I'm a deeply spiritual person and we don't necessarily need to go down that path on this show but I believe that God has given for me to give away. He's put me in this position because I have the skills to make a difference. If I hold that back, even a little, then He's going to stop giving it to me. I want to continue to receive so I have to give it all away faster than that. We do that constantly whether it's my work effort, time, teaching, guidance, counsel, my advisory ship with the mortgage lending or tithing and my gifts financially. We give everything away as fast as we can. I continue to put myself out in front.
We joke about, “I'm a little further ahead this time than the usual.” That's one of those things where if I keep putting myself out there, I believe he'll catch me and it will be for the betterment of many more than just me. I have to be willing to fail. Without that, I'll stay contained and I won't be able to have the success nor provide the success for those around me. If I can help others build wealth through real estate, to build investments, legacy and multi-generational wealth, their success does not threaten mine. We can all get there together. They can buy even more investments than I even dreamed of owning and have even more success than I've had, yet it doesn't infringe or limit mine. It continues to push me to give it all away.

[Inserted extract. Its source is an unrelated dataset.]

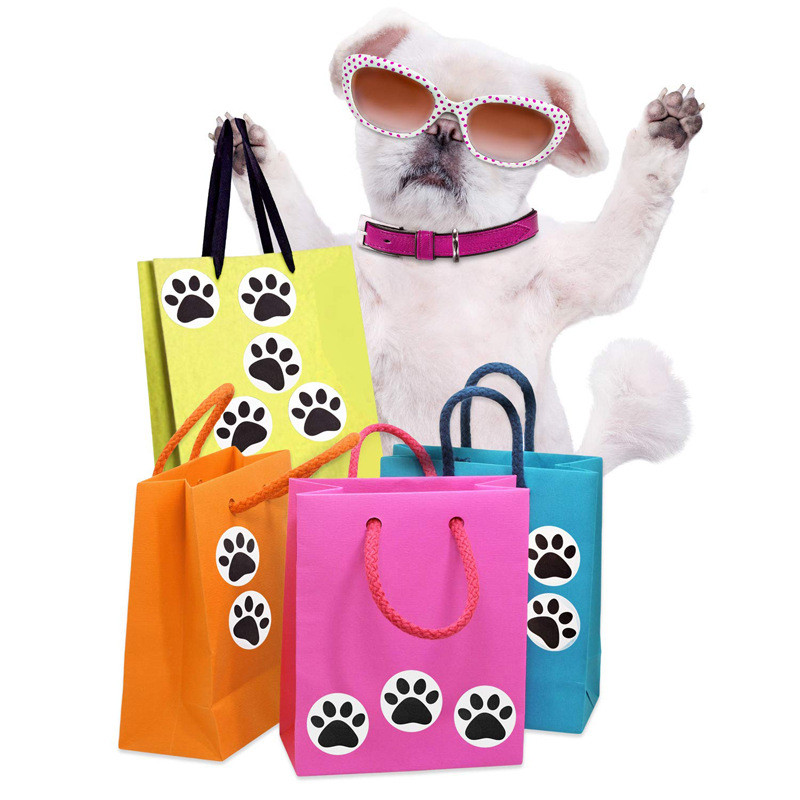 50-500 komada crnih naljepnica s otiskom šape, pas, mačka, medvjed, naljepnice s šapama, naljepnice za prijenosno računalo, nagradna naljepnica, pribor za učitelja za učenika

Profound thoughts are the way that your mindset works and your thought processes. I haven't come across many interviews in my experience and I've been interviewing CEOs for many years. I love everything that you've said. It's inspirational which makes you incredibly unique and rare, Nicole.
Thank you.
In the day-to-day operations, people were fascinated by your rituals and day-to-day routine. A lot of times this is what you should work hard and we all got to get that. What are the rituals, habits or self-talk that keeps you going daily?
I am big on setting up my day and ending my day. How I start and end my day, week and the year is all become extremely pre-programmed or destined. I start each day at 3:30 in the morning off work, early time and it's dark. I started that a long time ago. I was in college and I always setting my class schedule for 8:00 AM. I'd go to the gym at 5:00 or 5:30 when they first opened up. I'd get home, get ready and get to the classes and then I'd be done. I have my afternoon free. That's how my brain was always wired to do it that way.
[bctt tweet="A Titan doesn't believe in sitting still and wants to leave the place better than they found it." username=""]
I didn't go to all the parties in college because I was asleep or falling asleep at the parties which have happened a couple of times. That was not my lifestyle. When I had kids, that was my time where they weren't awake yet, the house was quiet and I could think, do, get a bunch done and preset my day. Now the kids are grown and they don't wake up even if I didn't wake up early. I like getting up at 3:30 and having my rituals. I get up at 3:30, I start out by reading the Bible, prayer gratitude, ironing out my day, and scheduling it. I have my Dot Matrix planner that's empty and I schedule my own day every day.
I think about, “What it is I need to do that day or in the next couple of days in advance,” and then I get on my email. A lot of people say, “Don't get on your email that early.” I get on my email because I have a great a team and I push everything out that needs to be done. I delegate at that time. They get a blur of emails from me at 4:30 in the morning. I'm at the gym at 5:00 still to this day. Every day I have to work out. It energizes me and allows me to do the things that I want to do. I get home and I get the rest of the team up or make the green smoothies and do the rituals. I'm writing that down. I work until 7:00. It's not uncommon to see me work until 8:00. I’m shutting that down no later than 8:00 so that I can be in bed no later than 9:00.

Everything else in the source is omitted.